There is nothing inevitable, however, about American sway over this century. The advantages this country enjoys are neither permanent nor sufficient to ensure continued primacy.
So, what needs doing? A partial list includes fixing broken public schools, repairing or replacing aged infrastructure, modernizing immigration policy, reforming health care, negotiating new trade accords, lowering corporate taxes, reining in spending on entitlements, and reducing debt as a share of GDP. Abroad, it includes resisting wars of choice where the interests at stake are less than vital and where there are alternatives to the use of force. This would also mean accepting that we cannot remake other societies in our image.
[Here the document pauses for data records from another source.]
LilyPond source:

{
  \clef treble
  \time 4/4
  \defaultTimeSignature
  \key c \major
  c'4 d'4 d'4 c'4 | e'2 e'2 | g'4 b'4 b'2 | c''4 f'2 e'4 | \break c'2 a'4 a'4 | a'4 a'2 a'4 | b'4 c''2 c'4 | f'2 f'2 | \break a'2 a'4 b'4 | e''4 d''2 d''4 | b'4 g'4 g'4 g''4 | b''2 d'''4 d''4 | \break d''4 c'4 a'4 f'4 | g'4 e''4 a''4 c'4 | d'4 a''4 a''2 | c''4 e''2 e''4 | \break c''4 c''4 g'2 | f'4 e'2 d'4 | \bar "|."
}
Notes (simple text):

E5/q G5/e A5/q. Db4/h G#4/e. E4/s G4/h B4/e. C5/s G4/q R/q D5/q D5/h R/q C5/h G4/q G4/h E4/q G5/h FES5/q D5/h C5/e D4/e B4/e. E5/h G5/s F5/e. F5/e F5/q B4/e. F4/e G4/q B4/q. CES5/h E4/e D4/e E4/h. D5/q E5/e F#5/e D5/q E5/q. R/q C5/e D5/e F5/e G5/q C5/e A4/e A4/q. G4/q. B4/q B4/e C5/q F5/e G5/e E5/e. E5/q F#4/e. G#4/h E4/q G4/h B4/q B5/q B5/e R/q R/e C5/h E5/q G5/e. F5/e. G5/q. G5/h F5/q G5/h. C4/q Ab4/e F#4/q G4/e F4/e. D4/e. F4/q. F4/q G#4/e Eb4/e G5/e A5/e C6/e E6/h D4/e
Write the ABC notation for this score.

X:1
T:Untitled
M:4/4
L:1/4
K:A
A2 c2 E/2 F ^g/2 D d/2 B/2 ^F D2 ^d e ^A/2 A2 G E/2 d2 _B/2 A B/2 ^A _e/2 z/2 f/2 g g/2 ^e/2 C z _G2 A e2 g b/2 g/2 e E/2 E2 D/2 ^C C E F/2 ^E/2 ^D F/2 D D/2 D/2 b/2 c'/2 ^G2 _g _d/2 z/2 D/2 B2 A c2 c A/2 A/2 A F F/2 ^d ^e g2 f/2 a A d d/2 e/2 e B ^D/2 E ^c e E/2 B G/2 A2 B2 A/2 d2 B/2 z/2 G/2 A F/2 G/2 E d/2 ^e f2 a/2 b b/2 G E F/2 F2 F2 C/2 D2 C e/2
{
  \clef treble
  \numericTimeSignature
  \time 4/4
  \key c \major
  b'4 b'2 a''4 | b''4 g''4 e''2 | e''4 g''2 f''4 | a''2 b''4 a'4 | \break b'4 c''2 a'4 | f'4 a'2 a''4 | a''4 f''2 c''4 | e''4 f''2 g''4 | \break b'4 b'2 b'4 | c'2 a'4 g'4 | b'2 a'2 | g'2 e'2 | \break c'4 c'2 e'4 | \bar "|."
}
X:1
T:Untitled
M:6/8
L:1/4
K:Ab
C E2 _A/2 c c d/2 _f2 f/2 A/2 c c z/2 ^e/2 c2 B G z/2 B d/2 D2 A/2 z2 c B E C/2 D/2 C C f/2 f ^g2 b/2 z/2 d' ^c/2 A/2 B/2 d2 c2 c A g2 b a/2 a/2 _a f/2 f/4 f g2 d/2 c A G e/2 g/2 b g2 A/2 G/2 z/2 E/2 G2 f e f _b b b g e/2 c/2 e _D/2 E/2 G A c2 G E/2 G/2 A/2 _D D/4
What stands in the way of the next American century is American politics. To paraphrase Walter Kelly’s Pogo, we have met the problem, and we are it. Special interests often crowd out the general national interest. Partisanship can be healthy but not when it leads to an inability to govern and to make difficult choices.
Either we resolve our political dysfunction, rethink our foreign policy and restore the foundations of American power — and in the process provide another century of American leadership — or we fail. The alternative to a U.S.-led 21st century is not an era dominated by China or anyone else, but rather a chaotic time in which regional and global problems overwhelm the world’s collective will and ability to meet them.
Richard N. Haas is president of the Council on Foreign Relations and the author of Foreign Policy Begins at Home: The Case for Putting America’s House in Order.